Provided records: Begin
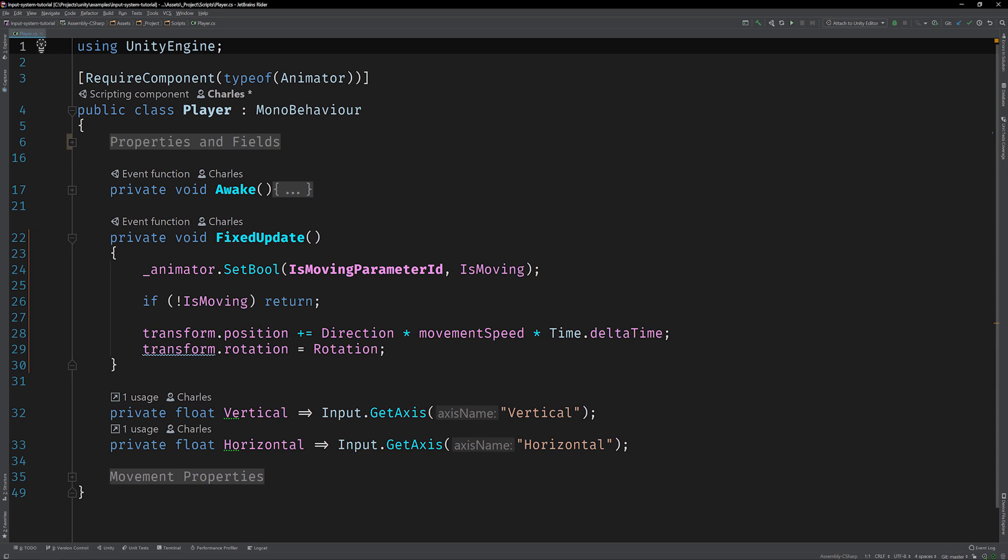Let's go ahead and open that up in the code editor now. For simplicity's sake I've placed most of the code into regions so we can focus on the meat of this mono behavior, the fixed update method. The first thing it does is set a boolean on the player game object's animator that toggles its running animation. Is moving is one of a few calculated properties that are utilized throughout this method. When it's true the function proceeds to update the transform's position and rotation using the direction and rotation properties which are also calculated.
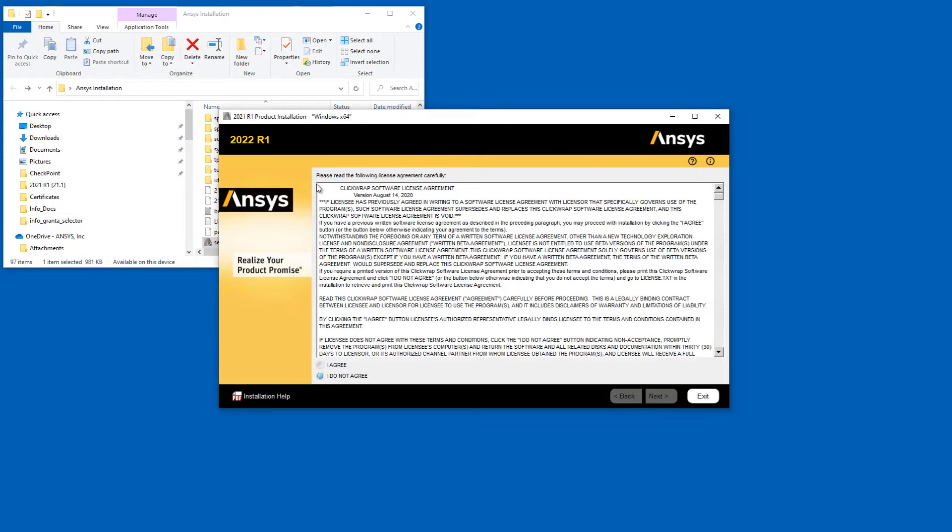Read the Clickwrap software license agreement completely. If you agree to the terms, select I agree and click Next.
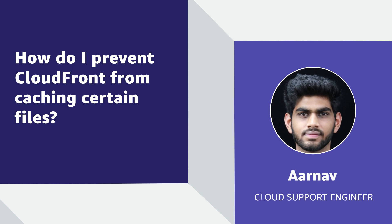Hello, I'm Arnav, a cloud support engineer here at the AWS office in Hyderabad. Today, I'm going to show you how you can configure Amazon CloudFront to prevent CloudFront from caching certain files and serve dynamic content to leverage our highly resilient Amazon backbone network. So let's get started.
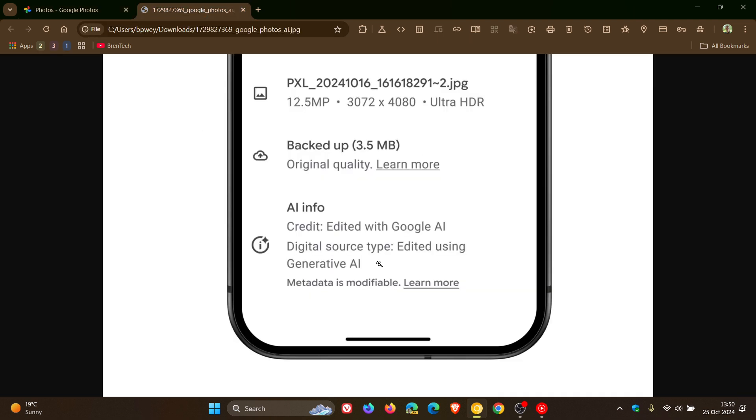If we head over to this image provided from that announcement, Google has said that now you will see a clear indication here at the bottom of the actual image or photo info. You'll see a clear indication within the Google Photos app alongside other image information like file name and location in the actual information section of that image.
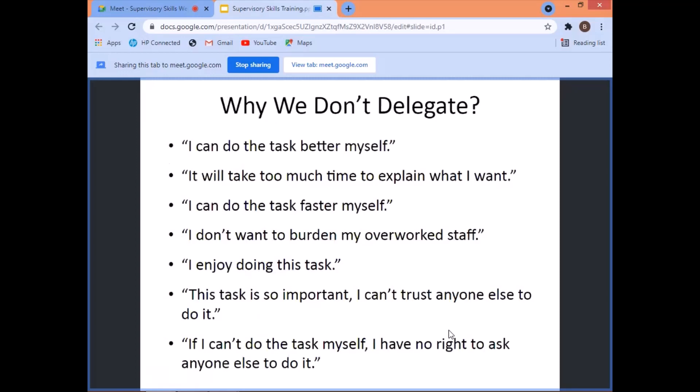Why do we NOT delegate? 'I can do the task better myself.' Really? The reason you can do it better is because you have not done the training and development of your people. That's why you are still the one who can do the task better. You have to train and develop your people for them to make it better. You need somebody — you're not alone.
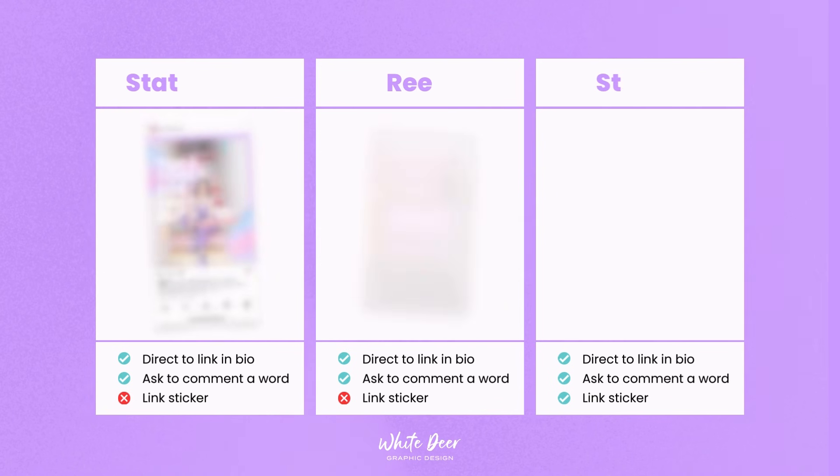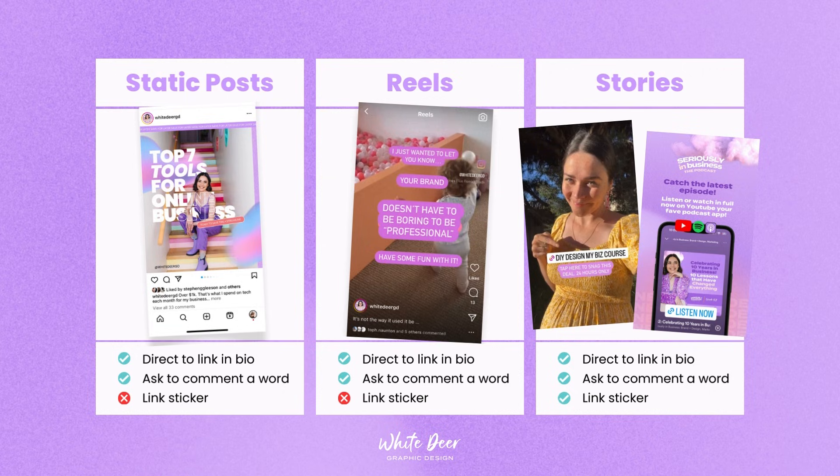So what ways can you share links? There are three ways to share links on Instagram, but they don't all work for each sort of post. You can do link in bio for your static posts, reels, and stories. The second option is to ask people to comment a particular word and you connect your Instagram to an automation program that sends people the link in their messages. The final way is a link sticker, but this is only available in your Instagram stories, not in your reels and not in your Instagram posts.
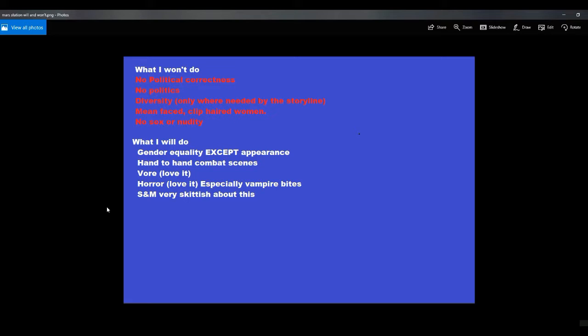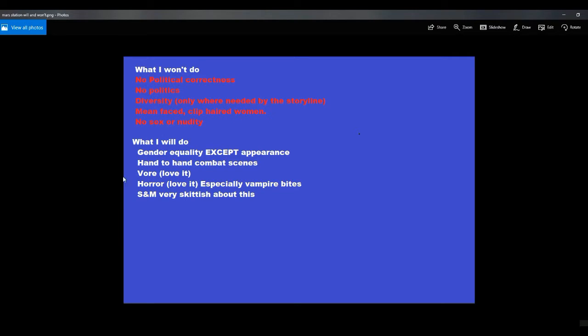Now, here's what I am going to do. Gender equality. Except in appearance. Already been through that. No mean-faced, clip-haired women. They're all going to look good. Don't like it? Too bad. Hand-to-hand combat scenes. Very much on the table. Love those. Horror. Love it. Especially vampire bites.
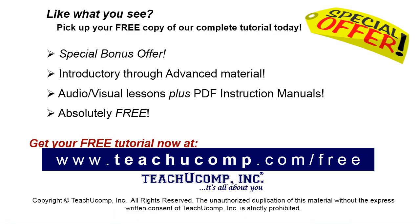Like what you see? Pick up your free copy of the complete tutorial at www.teachyoucomp.com forward slash free. We'll see you next time.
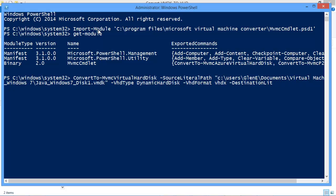And then the destination folder that I want to write this to, the destination will be C:\MyConvertedDisk.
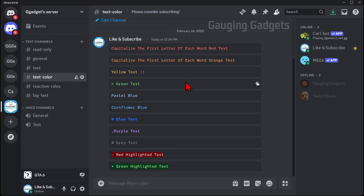How to type in color on Discord. In this video I'm going to show you several different methods to type in color within Discord.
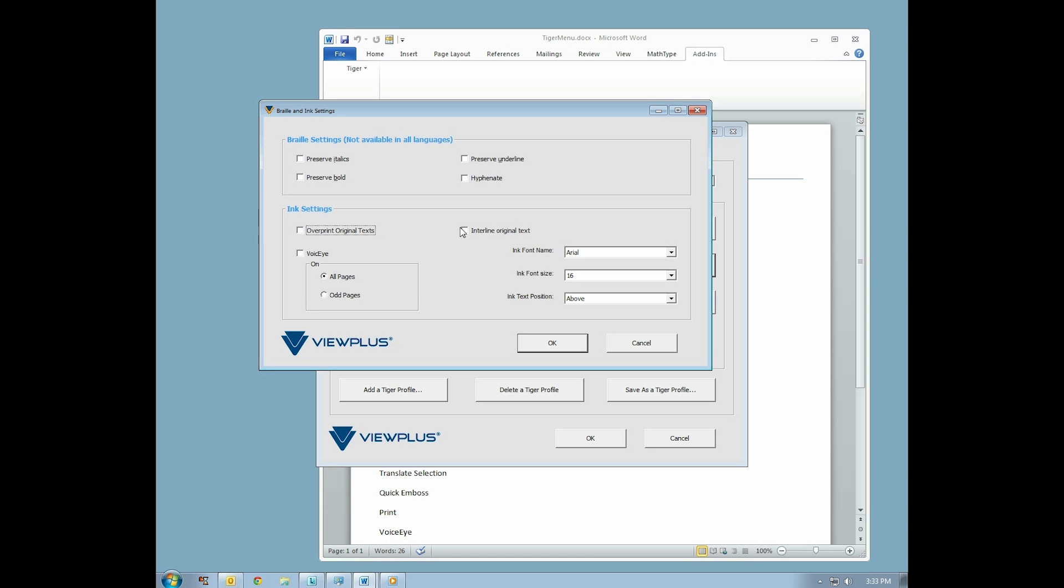The next checkbox is labeled Interline Original Text. This will print the untranslated text from the original document along with the embossed Braille. There are three drop-down menus associated with this checkbox. They are Ink Font Name, which lets you choose which font your text will be printed in.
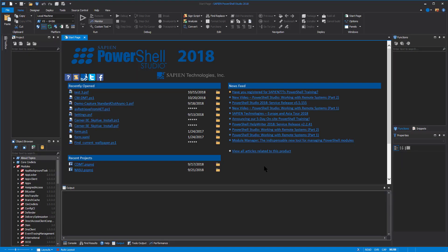Hey folks, welcome back to the ByteBit. So this is video number two in the Sapien PowerShell Studio series, the 2018 edition.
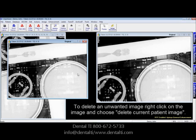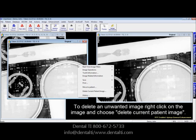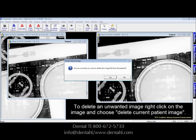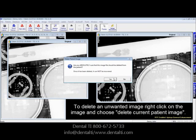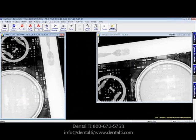To delete an image, right-click, go to Delete Current Patient Image, click Yes — and it will ask you twice. That way you're not deleting images by accident. That's a lesson on single image capture.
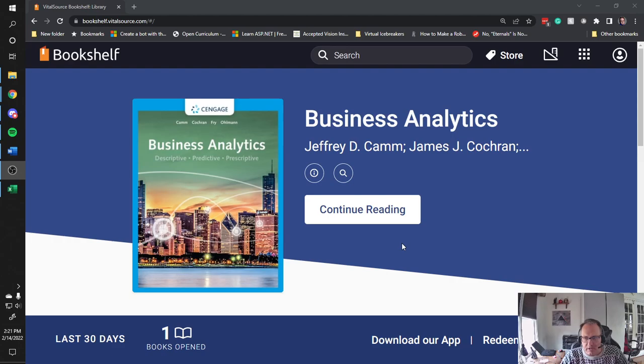Hi. Today I'm going to do Case Problem 1 from Chapter 4 of Jeffrey Kam and others' Business Analytics book. I use this book in my teaching at Pittsburgh Technical College in my Business Intelligence class. Today, halfway through my lecture, our Zoom session died. I didn't know this and I need to finish my lecture, so I'm recording the problem. I encourage you to check out Mr. Kam's book. This is an excellent book.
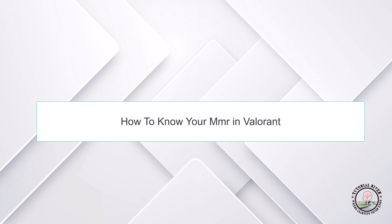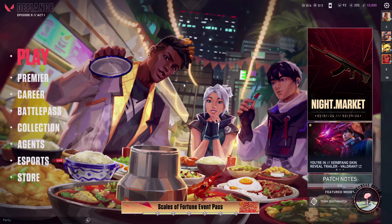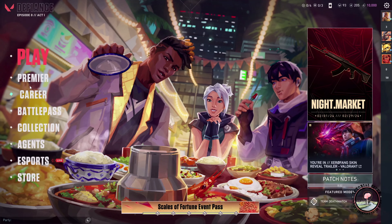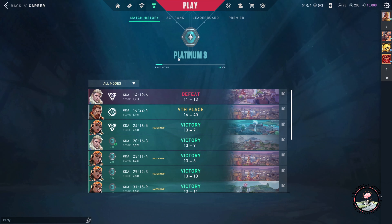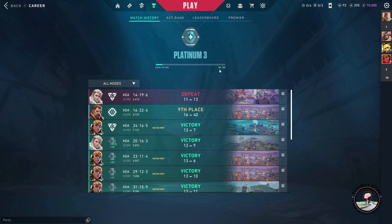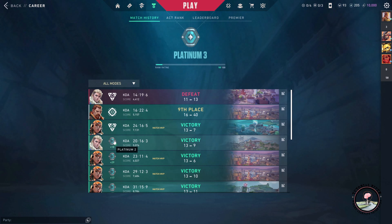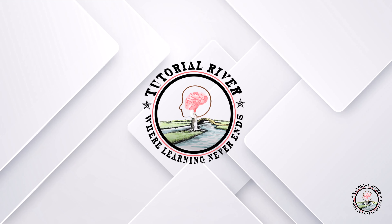Welcome to Tutorial River. In this video, we will learn how to know your MMR in Valorant. After opening Valorant, go to the Career section. In here, you'll be able to see your rank and rank rating, which is essentially the MMR. And that's how you can know your MMR in Valorant.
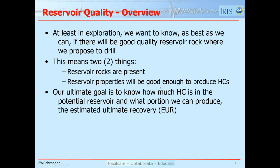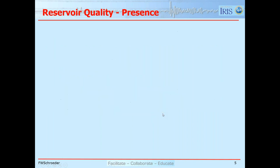Usually what we're looking for is a rock with high porosity and high permeability. Porosity is the pores — that's where the hydrocarbon fluids would be stored. Permeability is how interconnected the pores are, and that tells us how easy or difficult it would be to extract the hydrocarbon from that rock. Ultimately, we want to know how much hydrocarbon is in that potential reservoir, and what fraction we can produce — leading to an estimate of the estimated ultimate recovery, or EUR.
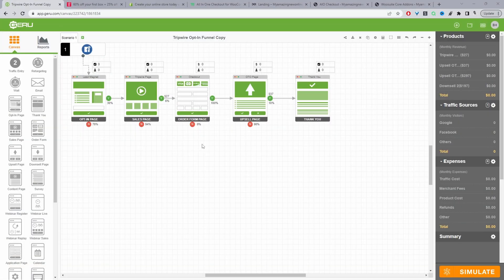Typically with a tripwire funnel you'll see an opt-in page, and then you'll be driving traffic from some source — whether that's Facebook, a landing page, or even organic. There's usually an opt-in page like 'download this ebook' or 'get this free thing,' and then after the opt-in page you send them over to a sales page which is your tripwire offer.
Provided records: End
**Instructions to follow:**
Leave out the pictures and copy every record above exactly.

**Exercise output:**
Let's go ahead and open that up in the code editor now. For simplicity's sake I've placed most of the code into regions so we can focus on the meat of this mono behavior, the fixed update method. The first thing it does is set a boolean on the player game object's animator that toggles its running animation. Is moving is one of a few calculated properties that are utilized throughout this method. When it's true the function proceeds to update the transform's position and rotation using the direction and rotation properties which are also calculated.
Read the Clickwrap software license agreement completely. If you agree to the terms, select I agree and click Next.
Hello, I'm Arnav, a cloud support engineer here at the AWS office in Hyderabad. Today, I'm going to show you how you can configure Amazon CloudFront to prevent CloudFront from caching certain files and serve dynamic content to leverage our highly resilient Amazon backbone network. So let's get started.
If we head over to this image provided from that announcement, Google has said that now you will see a clear indication here at the bottom of the actual image or photo info. You'll see a clear indication within the Google Photos app alongside other image information like file name and location in the actual information section of that image.
Why do we NOT delegate? 'I can do the task better myself.' Really? The reason you can do it better is because you have not done the training and development of your people. That's why you are still the one who can do the task better. You have to train and develop your people for them to make it better. You need somebody — you're not alone.
So what ways can you share links? There are three ways to share links on Instagram, but they don't all work for each sort of post. You can do link in bio for your static posts, reels, and stories. The second option is to ask people to comment a particular word and you connect your Instagram to an automation program that sends people the link in their messages. The final way is a link sticker, but this is only available in your Instagram stories, not in your reels and not in your Instagram posts.
Now, here's what I am going to do. Gender equality. Except in appearance. Already been through that. No mean-faced, clip-haired women. They're all going to look good. Don't like it? Too bad. Hand-to-hand combat scenes. Very much on the table. Love those. Horror. Love it. Especially vampire bites.
Like what you see? Pick up your free copy of the complete tutorial at www.teachyoucomp.com forward slash free. We'll see you next time.
And then the destination folder that I want to write this to, the destination will be C:\MyConvertedDisk.
How to type in color on Discord. In this video I'm going to show you several different methods to type in color within Discord.
The next checkbox is labeled Interline Original Text. This will print the untranslated text from the original document along with the embossed Braille. There are three drop-down menus associated with this checkbox. They are Ink Font Name, which lets you choose which font your text will be printed in.
Hey folks, welcome back to the ByteBit. So this is video number two in the Sapien PowerShell Studio series, the 2018 edition.
To delete an image, right-click, go to Delete Current Patient Image, click Yes — and it will ask you twice. That way you're not deleting images by accident. That's a lesson on single image capture.
Hi. Today I'm going to do Case Problem 1 from Chapter 4 of Jeffrey Kam and others' Business Analytics book. I use this book in my teaching at Pittsburgh Technical College in my Business Intelligence class. Today, halfway through my lecture, our Zoom session died. I didn't know this and I need to finish my lecture, so I'm recording the problem. I encourage you to check out Mr. Kam's book. This is an excellent book.
Welcome to Tutorial River. In this video, we will learn how to know your MMR in Valorant. After opening Valorant, go to the Career section. In here, you'll be able to see your rank and rank rating, which is essentially the MMR. And that's how you can know your MMR in Valorant.
Usually what we're looking for is a rock with high porosity and high permeability. Porosity is the pores — that's where the hydrocarbon fluids would be stored. Permeability is how interconnected the pores are, and that tells us how easy or difficult it would be to extract the hydrocarbon from that rock. Ultimately, we want to know how much hydrocarbon is in that potential reservoir, and what fraction we can produce — leading to an estimate of the estimated ultimate recovery, or EUR.
Typically with a tripwire funnel you'll see an opt-in page, and then you'll be driving traffic from some source — whether that's Facebook, a landing page, or even organic. There's usually an opt-in page like 'download this ebook' or 'get this free thing,' and then after the opt-in page you send them over to a sales page which is your tripwire offer.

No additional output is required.